### DIRECTIONS
Omit all pictures, and print word for word only the lines from the one containing "lot 30 image: Queen" through the end of the data.

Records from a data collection
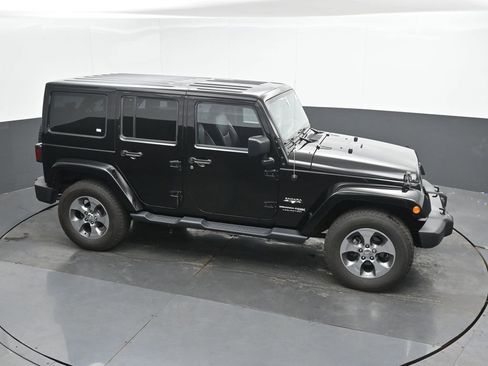 Used 2018 Jeep Wrangler Unlimited Sahara w/ Connectivity Group AWD/4WD image 28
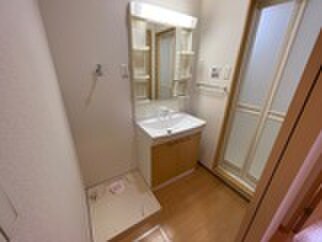 物件内観写真11　(洗面)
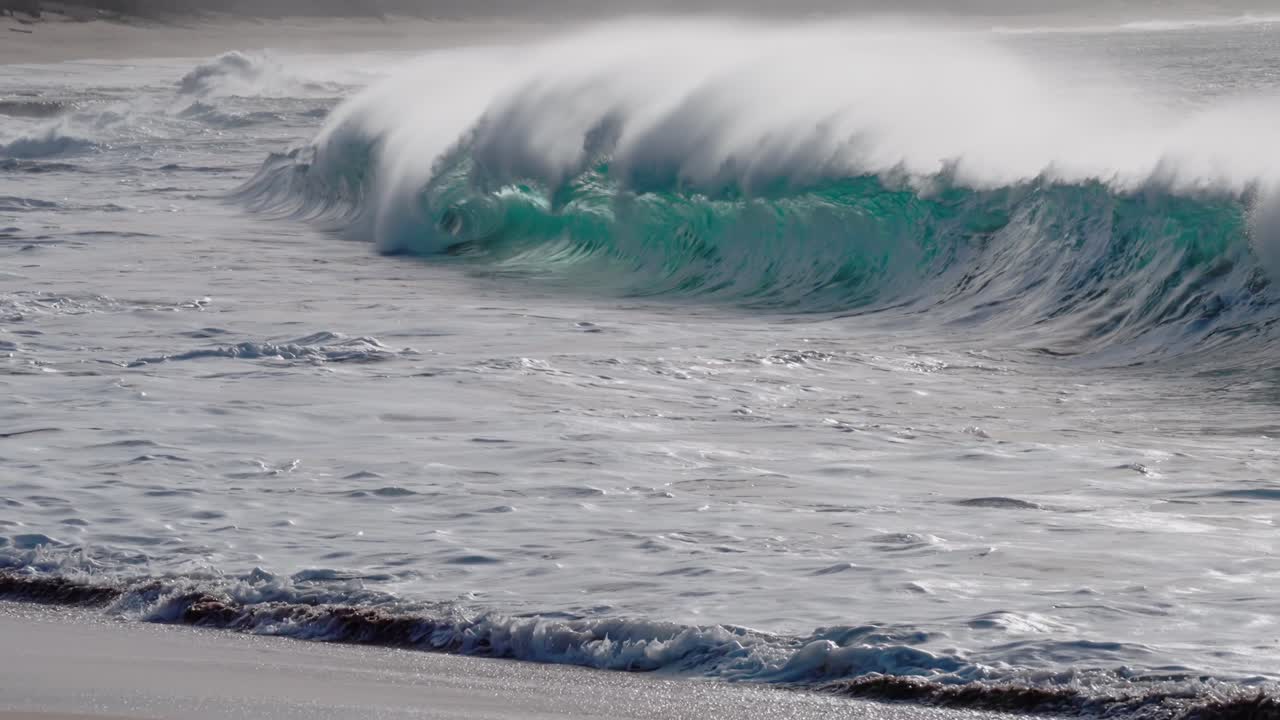 hermosas olas del océano en cámara lenta chocando y rompiendo en la orilla del mar en hawaii
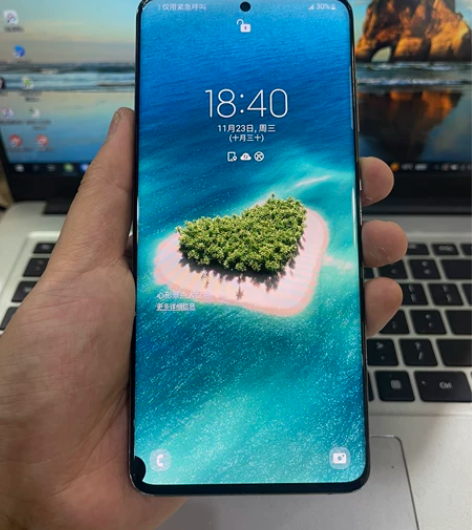 三星S20+ 5g 屏幕左下角有米粒大小黑...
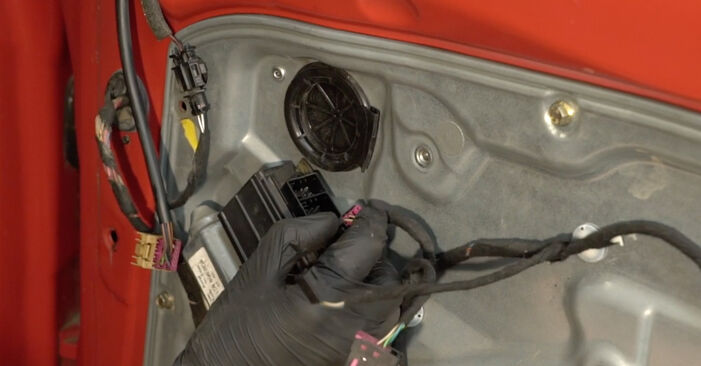 Ako vymeniť Zámky vonkajšie na VW New Beetle Cabrio (1Y7) 2007: stiahnite si PDF návody a video inštrukcie.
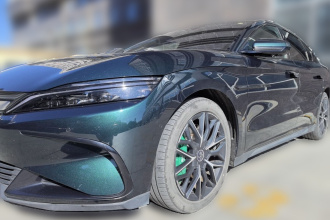比亚迪 汉 2022款 EV 610KM四驱千山翠限量版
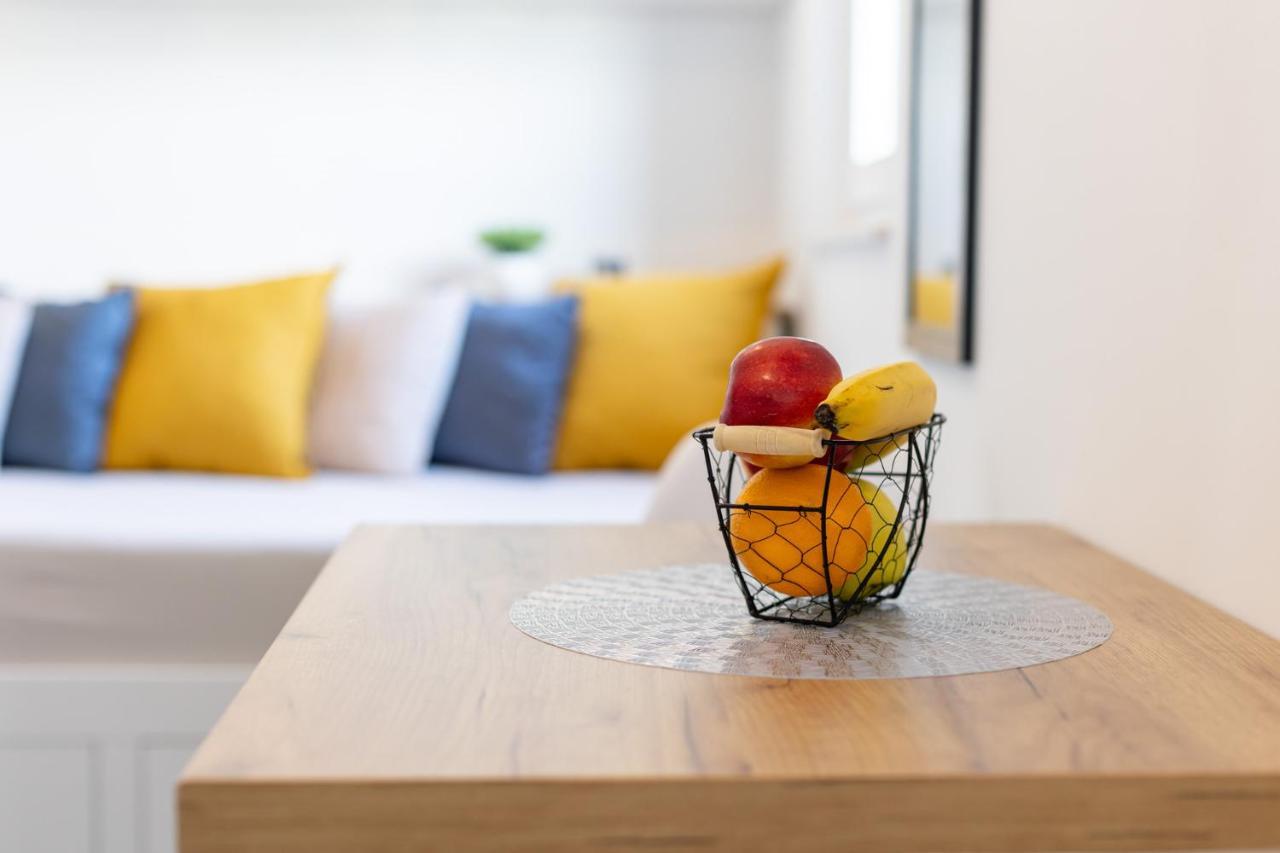 New Studio For 2, Free Private Garage Spot, Wi-Fi, 200 M From Mall Of Split Eksteriør bilde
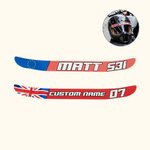 Set di 2 adesivi personalizzati per la visiera del casco da moto con nome, numero, bandiera, logo, regalo per gli appassionati di sport motoristici.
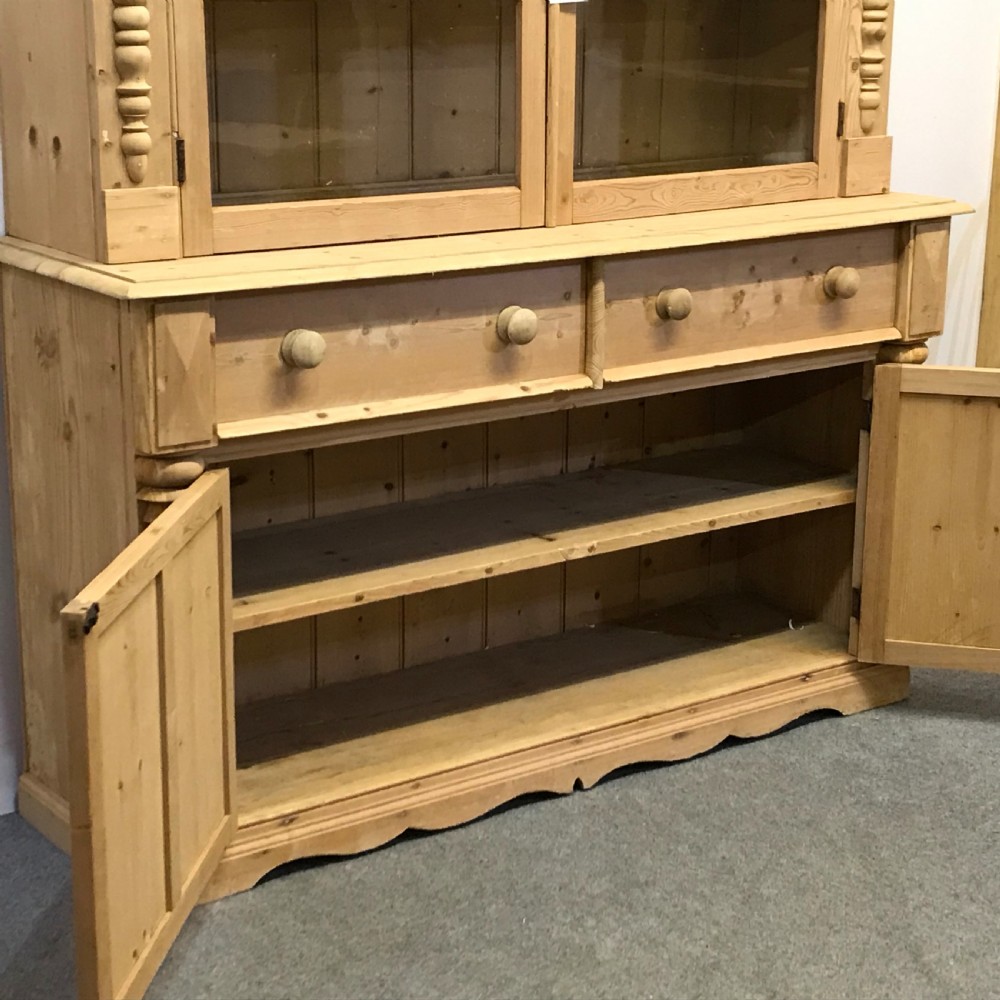 Late Victorian English Pine Glazed Display Dresser View V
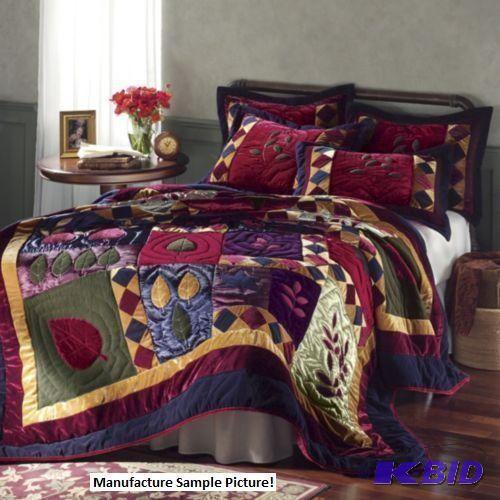 lot 30 image: Queen Size Velvet Dreams Quilt - 86 x 86 Quil...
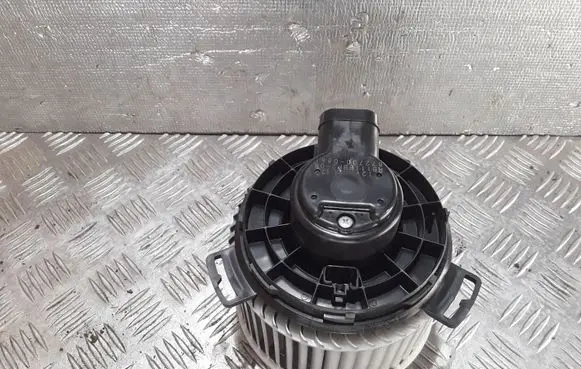 Mazda 3 II Heater fan/blower 8727000861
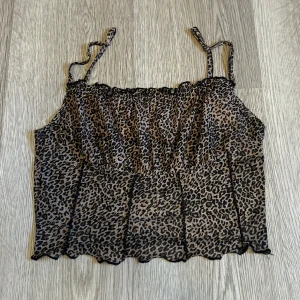 Meshtopp - Supersöt meshtopp i leomönster. Aldrig använt så bra skick! 🤎 köp via köp nu eller kom privat 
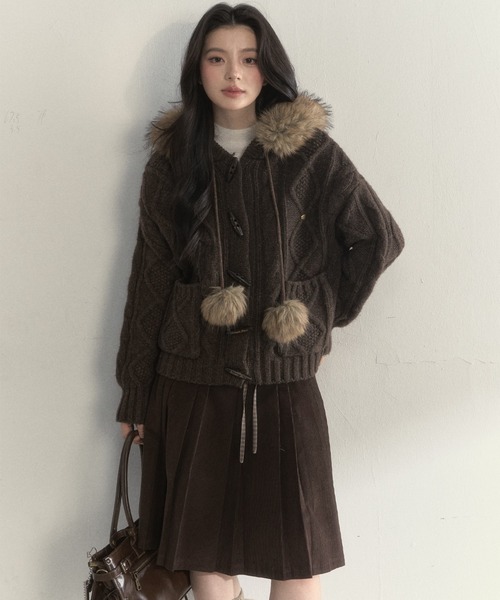 SunsetPark(サンセットパーク)の「フェイクファーポンポン付 ケーブル編みニットフーディー SP25a057【SunsetPark】【2025AW】(ニット/セーター・レディース・グレー/ブラウン/アイボリー・S/M)」の6枚目の写真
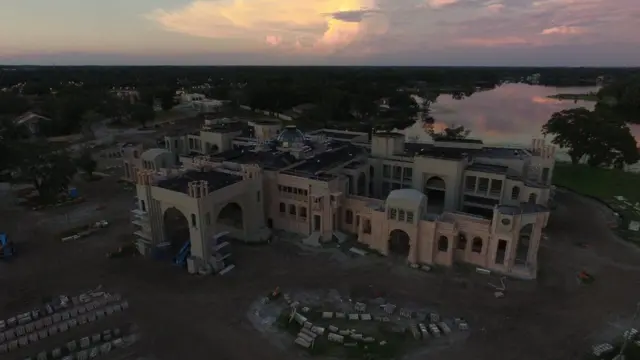 કિરણ પટેલનું મહેલ જેવું ઘર જેનું નિર્માણ ચાલી રહ્યું છે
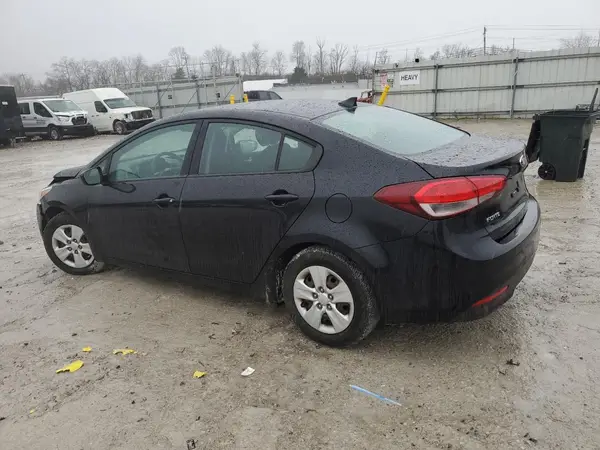 3KPFK4A71JE231165 2018 KIA FORTE - Image 2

### WRITTEN SOLUTION
 lot 30 image: Queen Size Velvet Dreams Quilt - 86 x 86 Quil...
 Mazda 3 II Heater fan/blower 8727000861
 Meshtopp - Supersöt meshtopp i leomönster. Aldrig använt så bra skick! 🤎 köp via köp nu eller kom privat 
 SunsetPark(サンセットパーク)の「フェイクファーポンポン付 ケーブル編みニットフーディー SP25a057【SunsetPark】【2025AW】(ニット/セーター・レディース・グレー/ブラウン/アイボリー・S/M)」の6枚目の写真
 કિરણ પટેલનું મહેલ જેવું ઘર જેનું નિર્માણ ચાલી રહ્યું છે
 3KPFK4A71JE231165 2018 KIA FORTE - Image 2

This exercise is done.